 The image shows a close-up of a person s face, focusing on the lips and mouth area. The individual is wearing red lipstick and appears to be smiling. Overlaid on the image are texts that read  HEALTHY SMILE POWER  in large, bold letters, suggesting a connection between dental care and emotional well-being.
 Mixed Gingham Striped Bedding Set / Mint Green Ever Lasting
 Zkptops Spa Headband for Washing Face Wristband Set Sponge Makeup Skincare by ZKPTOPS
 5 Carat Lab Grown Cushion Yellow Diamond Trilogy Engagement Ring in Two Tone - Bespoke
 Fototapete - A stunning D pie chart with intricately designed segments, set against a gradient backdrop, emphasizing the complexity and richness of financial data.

- - - - - - -

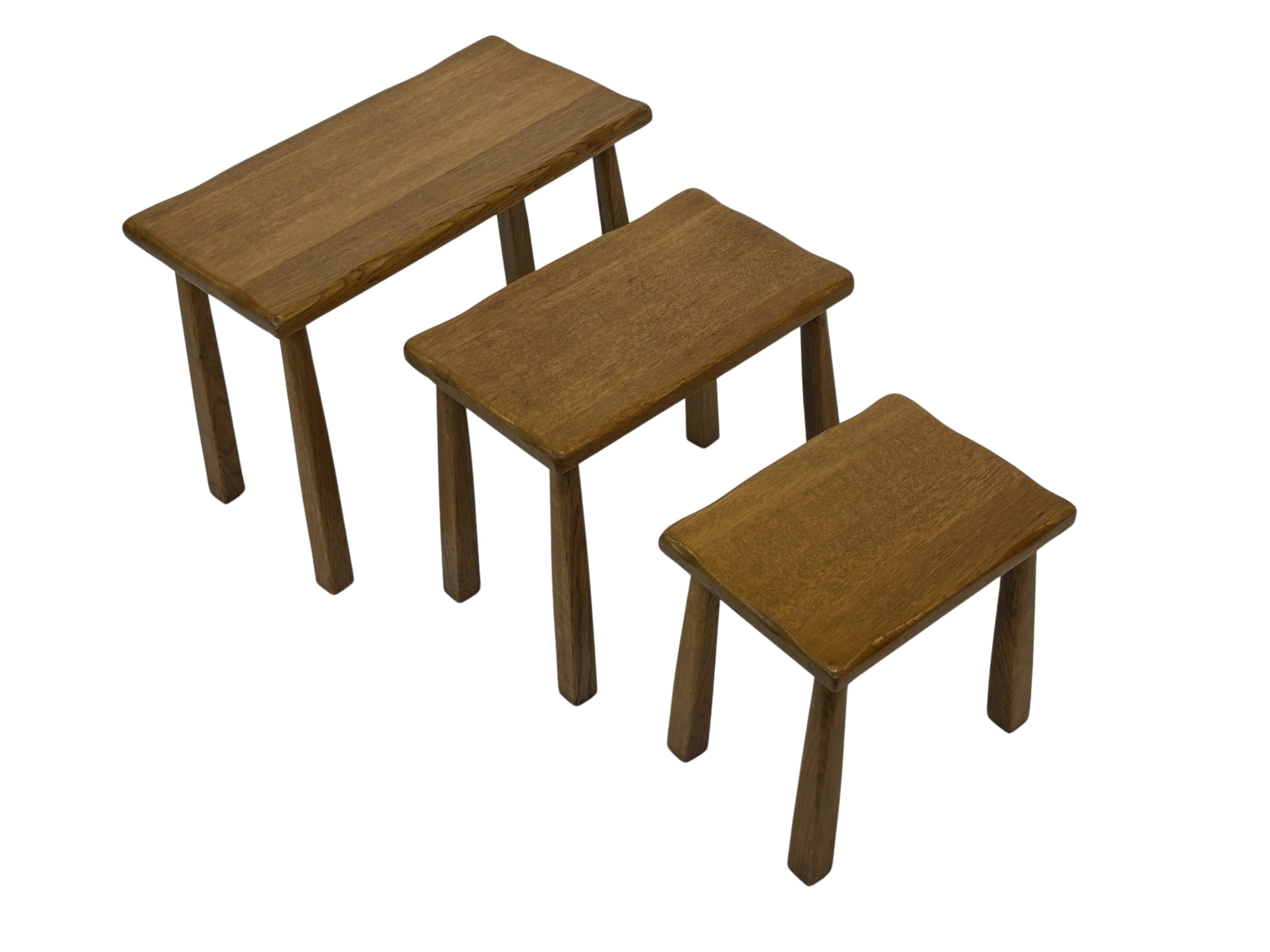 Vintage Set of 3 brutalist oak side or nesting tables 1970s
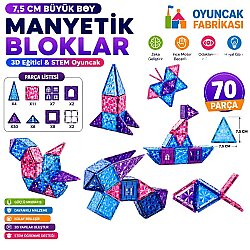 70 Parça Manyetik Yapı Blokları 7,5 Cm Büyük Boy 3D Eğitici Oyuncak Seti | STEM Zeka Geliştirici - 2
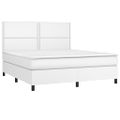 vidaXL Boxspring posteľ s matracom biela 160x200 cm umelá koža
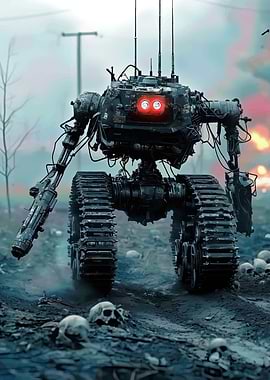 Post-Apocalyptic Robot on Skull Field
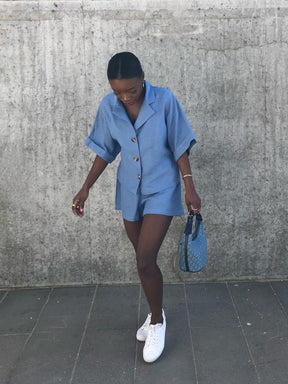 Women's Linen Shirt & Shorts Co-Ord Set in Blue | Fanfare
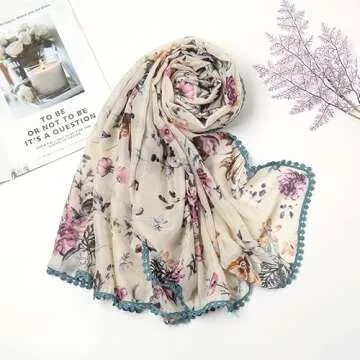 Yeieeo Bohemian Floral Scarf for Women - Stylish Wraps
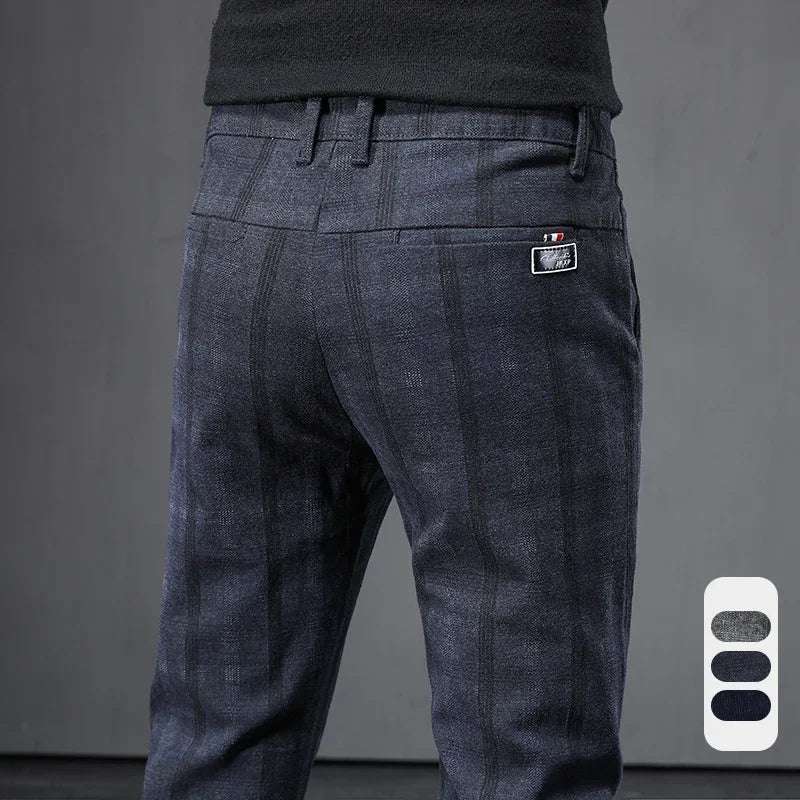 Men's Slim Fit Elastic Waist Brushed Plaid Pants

- - - - - - -

● **YOUR INSTRUCTIONS**
To complete this exercise, transcribe exactly the lines above from the one that holds "Vintage Set of" through the one that holds "Men's Slim Fit". Pictures stay out.

● **PROBLEM SOLUTION**
 Vintage Set of 3 brutalist oak side or nesting tables 1970s
 70 Parça Manyetik Yapı Blokları 7,5 Cm Büyük Boy 3D Eğitici Oyuncak Seti | STEM Zeka Geliştirici - 2
 vidaXL Boxspring posteľ s matracom biela 160x200 cm umelá koža
 Post-Apocalyptic Robot on Skull Field
 Women's Linen Shirt & Shorts Co-Ord Set in Blue | Fanfare
 Yeieeo Bohemian Floral Scarf for Women - Stylish Wraps
 Men's Slim Fit Elastic Waist Brushed Plaid Pants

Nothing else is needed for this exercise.